This PR - #817 introduces the dora-lmdeploy node, which leverages LMDeploy's Turbomind engine for efficient inference of large language models. It supports both text and image inputs, making it suitable for multimodal tasks.

Key Features

Efficient Inference: Optimized for CUDA performance using Turbomind.
Multimodal Support: Handles text and image inputs.
Configurable Models: Supports various models like InternLM and Qwen.
Conversation History: Maintains context for responses.

Configuration Example

env:
  MODEL_NAME: "internlm/internlm2-7b"
  MAX_LENGTH: 2048
  TEMPERATURE: 0.7
  TURBOMIND_CACHE_DIR: "./workspace"

Testing Status

The node is under working condition; however, testing is pending due to an incompatible version of LMDeploy with my Mac. I am currently working on finding a solution to resolve this issue.

Checklist

[x] Added tests
[x] Updated documentation
[ ] Example configurations included

Mar 24 '25 14:03 7SOMAY

@haixuanTao, The lmdeploy doesn't support the macos platform. What should be the way I should handle that?
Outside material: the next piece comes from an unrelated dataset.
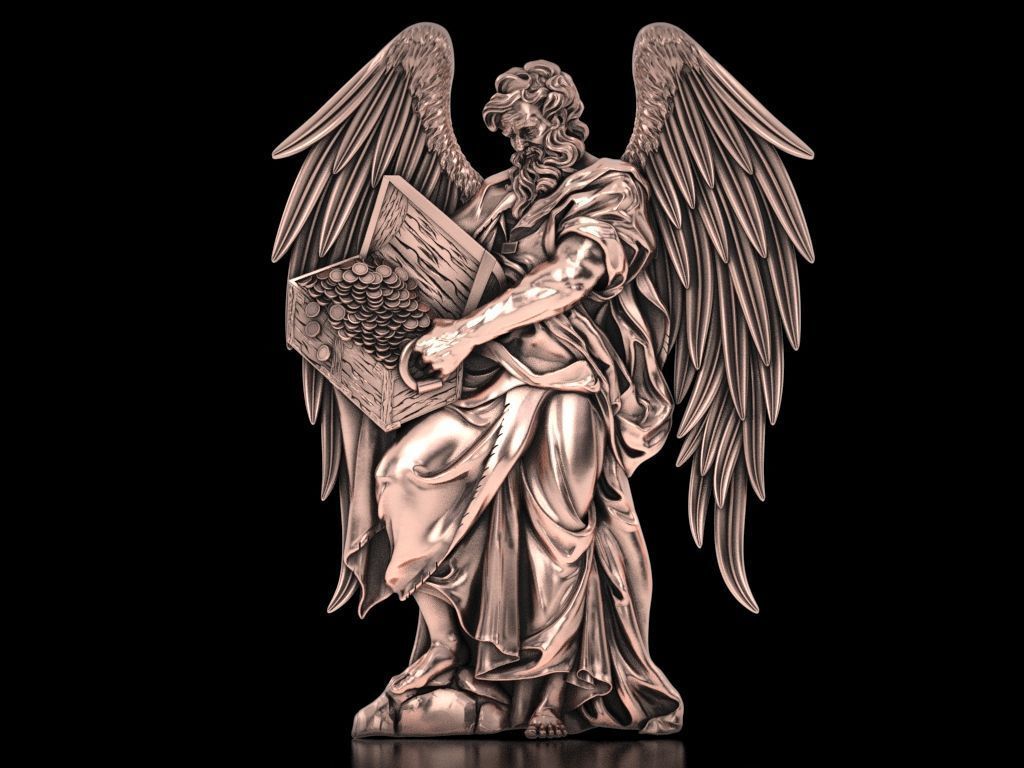 Saint Matthew with wings Relief 3D print model_8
Can I make it available for windows and linux?

Mar 25 '25 14:03 7SOMAY

Please refer this Issue: https://github.com/InternLM/MindSearch/issues/46

Potential solution: https://github.com/InternLM/MindSearch/issues/46#issuecomment-2343880680

Mar 25 '25 14:03 7SOMAY

I think it would be better to implement this using a compatible OS otherwise it's going to be very hard to debug

Mar 26 '25 12:03 haixuanTao